Once again, I’ve neglected this blog. As an apology, I’ve decided to write a new What I Learned From…
In the following post, I will reveal snarky insights about a popular movie. Several months from now, someone will stumble upon this post via the Google and think I am completely serious/clueless about the movie I’ve watched and what I’ve written. (Why else would a post on The Godfather – Part 3 from 2012 still get so much traffic?)
In anticipation of Jane Fonda and Lily Tomlin’s new
Netflix series Aaron Sorkin inspired FanFiction Grace and Frankie, here is what I learned from 9 to 5.
1. Jane Fonda and Lily Tomlin do not have a portmanteau. This is a crime.
Where would we be without the friendship between Jane Fonda and Lily Tomlin? In far more terrible place than we are now.
2. National Treasure Dolly Parton
Doralee is the trashy secretary everyone assumes is sleeping with the boss. (He wishes.) But she’s really the glue that holds the group together. It’s no surprise that in her fantasy about how she offs her boss, Doralee is the John Wayne-inspired heroine. Bonus: She’s becomes a country western star and laughs all the way to the bank.
3. Marijuana is the gateway drug for women’s liberation
9 to 5 is on to something with these old-fashioned ladies’ pot parties where pissed off women fantasize about killing men. And conservatives don’t like it.
4. Stealing a corpse is improper.
Literally my favorite scene in 9 to 5 is when Violet, Judy and Doralee realize they’ve stolen the wrong body from the morgue. At this moment, I learned that etiquette is always important, even in the middle of covering up a crime you didn’t actually commit.
5. Put women in charge and everything changes
The world will be a terrible place with women in charge. How else will companies adopt new policies to please pot ladies like equal pay, day care, part-time hours, the freedom to put knickknacks on desks and colorful decor?

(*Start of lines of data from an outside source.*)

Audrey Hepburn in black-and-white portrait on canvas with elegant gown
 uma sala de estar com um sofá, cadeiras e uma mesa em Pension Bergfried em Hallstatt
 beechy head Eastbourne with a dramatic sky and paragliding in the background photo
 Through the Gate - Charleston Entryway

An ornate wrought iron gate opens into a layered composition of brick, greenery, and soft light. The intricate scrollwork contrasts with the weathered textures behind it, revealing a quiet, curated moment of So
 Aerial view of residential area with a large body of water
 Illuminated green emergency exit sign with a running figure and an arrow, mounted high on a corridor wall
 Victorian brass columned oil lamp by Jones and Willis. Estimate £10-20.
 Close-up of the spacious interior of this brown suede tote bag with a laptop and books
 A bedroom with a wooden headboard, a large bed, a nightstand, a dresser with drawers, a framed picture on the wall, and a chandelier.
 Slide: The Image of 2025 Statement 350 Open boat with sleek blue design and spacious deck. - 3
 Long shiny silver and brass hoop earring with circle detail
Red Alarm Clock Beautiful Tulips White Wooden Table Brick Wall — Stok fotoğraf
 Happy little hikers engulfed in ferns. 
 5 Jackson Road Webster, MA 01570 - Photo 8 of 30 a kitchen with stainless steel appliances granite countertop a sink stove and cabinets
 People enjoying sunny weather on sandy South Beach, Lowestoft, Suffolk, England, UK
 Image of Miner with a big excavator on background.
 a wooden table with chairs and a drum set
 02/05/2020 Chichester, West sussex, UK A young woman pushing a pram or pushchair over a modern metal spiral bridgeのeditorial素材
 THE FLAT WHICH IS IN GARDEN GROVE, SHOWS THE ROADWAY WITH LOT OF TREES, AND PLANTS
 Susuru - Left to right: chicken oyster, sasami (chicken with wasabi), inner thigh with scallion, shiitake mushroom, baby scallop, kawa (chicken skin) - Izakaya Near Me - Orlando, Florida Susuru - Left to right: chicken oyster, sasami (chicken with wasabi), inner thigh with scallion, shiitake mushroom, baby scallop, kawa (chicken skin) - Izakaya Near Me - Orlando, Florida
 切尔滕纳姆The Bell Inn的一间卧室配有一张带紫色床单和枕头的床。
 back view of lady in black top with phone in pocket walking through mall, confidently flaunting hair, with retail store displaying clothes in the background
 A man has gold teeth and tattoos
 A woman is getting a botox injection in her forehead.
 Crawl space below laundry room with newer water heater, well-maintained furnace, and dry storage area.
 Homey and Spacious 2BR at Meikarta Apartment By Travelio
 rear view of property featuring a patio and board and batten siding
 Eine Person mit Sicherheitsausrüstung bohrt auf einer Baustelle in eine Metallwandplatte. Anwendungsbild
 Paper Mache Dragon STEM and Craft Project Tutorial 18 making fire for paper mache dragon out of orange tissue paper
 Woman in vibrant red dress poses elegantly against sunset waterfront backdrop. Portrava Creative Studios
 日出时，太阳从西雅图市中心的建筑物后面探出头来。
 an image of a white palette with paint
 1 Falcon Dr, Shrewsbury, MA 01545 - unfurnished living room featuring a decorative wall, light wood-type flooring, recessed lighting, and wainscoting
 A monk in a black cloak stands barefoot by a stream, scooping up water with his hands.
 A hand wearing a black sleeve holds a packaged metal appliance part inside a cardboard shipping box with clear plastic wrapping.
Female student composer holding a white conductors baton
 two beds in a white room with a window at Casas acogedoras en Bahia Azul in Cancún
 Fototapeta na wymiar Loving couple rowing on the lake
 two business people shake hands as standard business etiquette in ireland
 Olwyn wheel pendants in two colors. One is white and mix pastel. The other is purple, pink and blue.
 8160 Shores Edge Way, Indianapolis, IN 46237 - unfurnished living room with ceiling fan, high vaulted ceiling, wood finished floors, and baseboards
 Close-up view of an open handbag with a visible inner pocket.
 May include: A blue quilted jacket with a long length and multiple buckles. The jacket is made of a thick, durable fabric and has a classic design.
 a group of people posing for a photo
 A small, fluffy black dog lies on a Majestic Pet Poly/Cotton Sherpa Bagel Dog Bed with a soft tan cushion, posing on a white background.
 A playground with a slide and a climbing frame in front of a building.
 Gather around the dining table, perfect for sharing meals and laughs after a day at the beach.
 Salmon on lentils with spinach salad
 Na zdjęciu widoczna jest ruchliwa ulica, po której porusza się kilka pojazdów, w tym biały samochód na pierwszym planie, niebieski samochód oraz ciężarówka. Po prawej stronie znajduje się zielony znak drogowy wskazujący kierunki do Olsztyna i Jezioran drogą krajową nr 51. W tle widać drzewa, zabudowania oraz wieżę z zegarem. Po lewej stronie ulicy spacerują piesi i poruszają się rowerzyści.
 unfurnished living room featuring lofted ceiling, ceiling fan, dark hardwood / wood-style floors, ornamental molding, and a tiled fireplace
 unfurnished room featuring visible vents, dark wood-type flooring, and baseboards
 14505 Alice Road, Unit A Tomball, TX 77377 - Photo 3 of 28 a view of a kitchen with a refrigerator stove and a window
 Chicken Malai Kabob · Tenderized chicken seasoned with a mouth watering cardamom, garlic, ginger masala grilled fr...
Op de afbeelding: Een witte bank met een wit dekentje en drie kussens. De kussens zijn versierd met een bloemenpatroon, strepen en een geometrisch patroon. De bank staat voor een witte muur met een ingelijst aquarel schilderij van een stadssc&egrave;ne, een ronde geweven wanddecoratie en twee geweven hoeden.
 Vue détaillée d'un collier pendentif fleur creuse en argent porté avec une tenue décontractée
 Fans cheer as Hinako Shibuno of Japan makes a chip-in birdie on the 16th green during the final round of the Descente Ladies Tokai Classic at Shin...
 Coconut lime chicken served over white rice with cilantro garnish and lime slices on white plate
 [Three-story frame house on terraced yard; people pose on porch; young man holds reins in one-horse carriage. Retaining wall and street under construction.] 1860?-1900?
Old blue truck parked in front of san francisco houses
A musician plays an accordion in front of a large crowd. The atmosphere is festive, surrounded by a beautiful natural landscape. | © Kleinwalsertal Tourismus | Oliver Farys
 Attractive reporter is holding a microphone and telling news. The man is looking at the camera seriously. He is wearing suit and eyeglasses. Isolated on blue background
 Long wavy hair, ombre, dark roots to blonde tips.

6. The story hasn’t changed.
When men enact a revenge fantasy against their bosses, they get sequels and a chance to solve the world’s problems. Women, however, have been selling the same fantasy about the workplace in movies and television for well over 30 years. The actresses change but the story doesn’t. Now we’re stuck with the Shailene Woodley’s of Hollywood as the “trailblazers” to tell the story and they are not feminists.